To bootstrap a GraalVM based Java function, simply use the following
fn init --init-image fnproject/fn-java-native-init myfunc
If you compare this to the approach used for generating a “regular” Java function, the key difference is that we instruct the Fn CLI to rely the fnproject/fn-java-native-init Docker init-image (see here for more details on init-image) to generate a boilerplate GraalVM based Java function (instead of relying on the regular java runtime option).
You should see the following output…
You can now check the different files that have been generated by looking into the myfunc directory. And unless you are in the business of writing “Hello World”, you will at least tweak the sources of the Java function located in src/main/ and its corresponding tests in src/test.
The func.yaml contains some meta-data related to the function (its version, its name, etc.). It is very similar to a regular Java func.yaml, the only difference being the runtime entry.

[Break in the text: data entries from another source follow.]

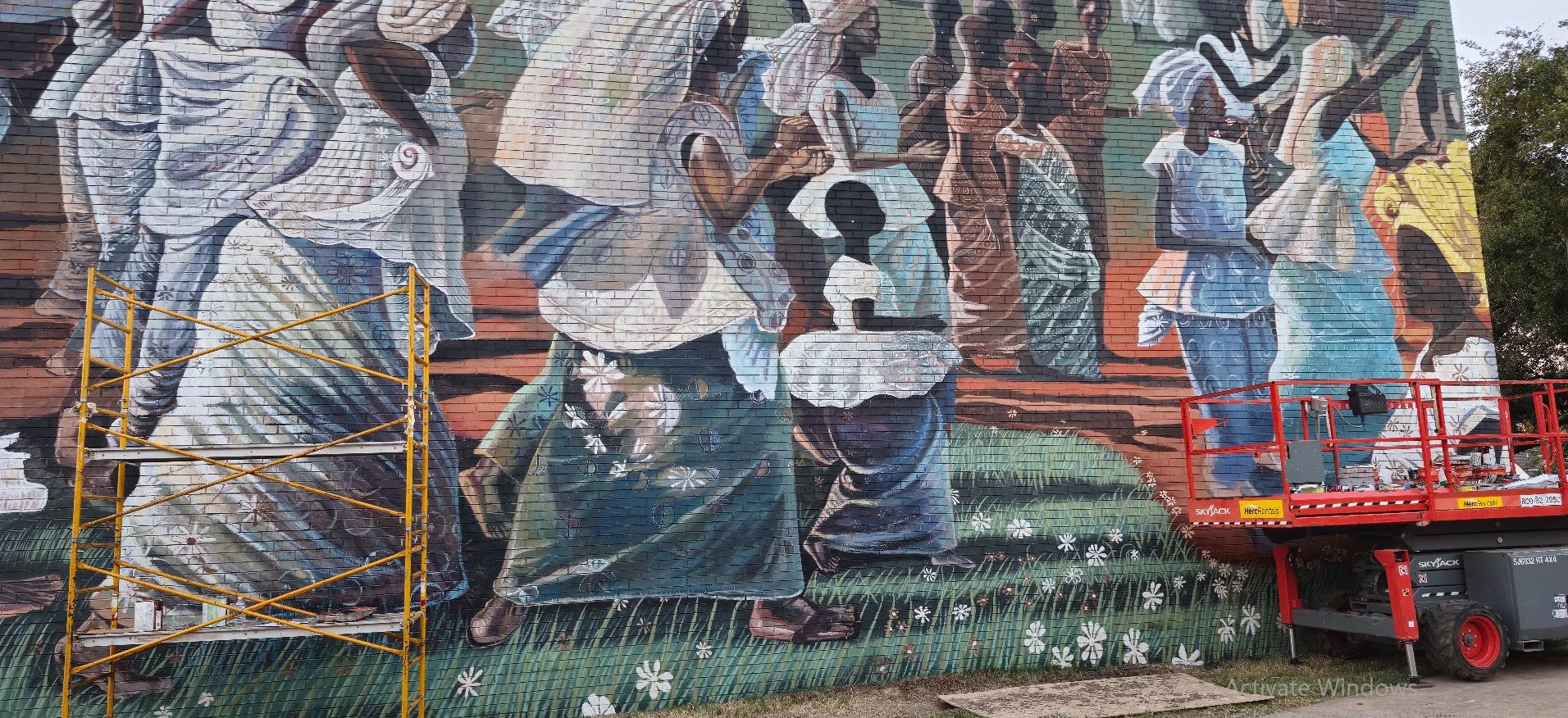 Jubilee, a mural reproduction of John T. Biggers' Jubilee – Ghana Harvest Festival, painted by Adeodunfa with Linda Hinojos
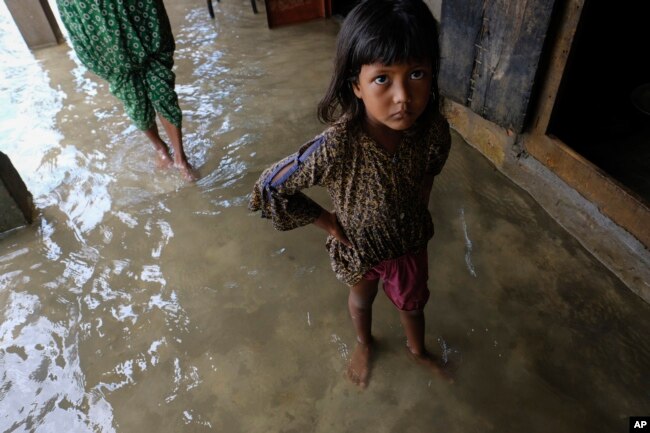 A girl reacts to camera as family members inspect their damaged belongings at her home, Wednesday, June 22, 2022. (AP Photo/Mahmud Hossain Opu)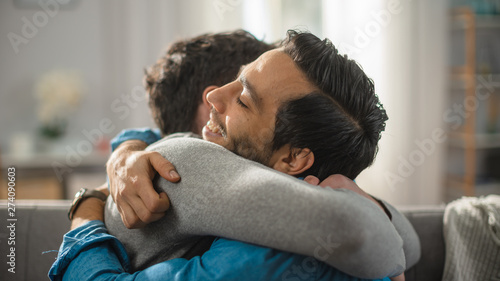 Cute Attractive Male Gay Couple Sit Together on a Sofa at Home. Boyfriends are Hugging and Embracing Each Other. They are Happy and Smiling. They are Casually Dressed and Room Has Modern Interior.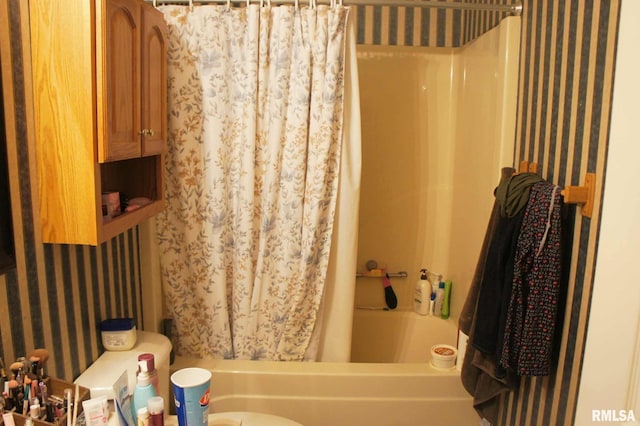 full bath featuring shower / bath combo with shower curtain and wallpapered walls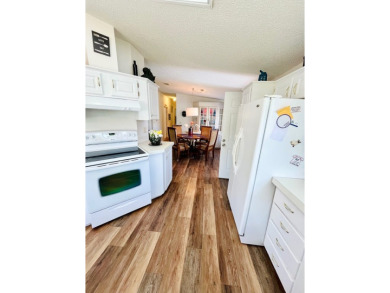 This two-bedroom, two-bathroom home in the gated golf community on Pine Lakes Country Club in Florida - for sale on GolfHomes.com, golf home, golf lot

The Java function uses the java runtime while the GraalVM native-image function rely on the default Docker runtime which also explains the presence of a Dockerfile.
Assuming that Fn is running (
fn start), you can now deploy the function that you have just created. Fn uses the notion of “application” to logically group related functions. You simply specify this application (myapp in this case) during the deployment of the function. We don’t specify the function given that we are in the function directory.
fn deploy --local --app myapp
—-local argument is used to instruct Fn to not push the newly generated function Docker image to a registry.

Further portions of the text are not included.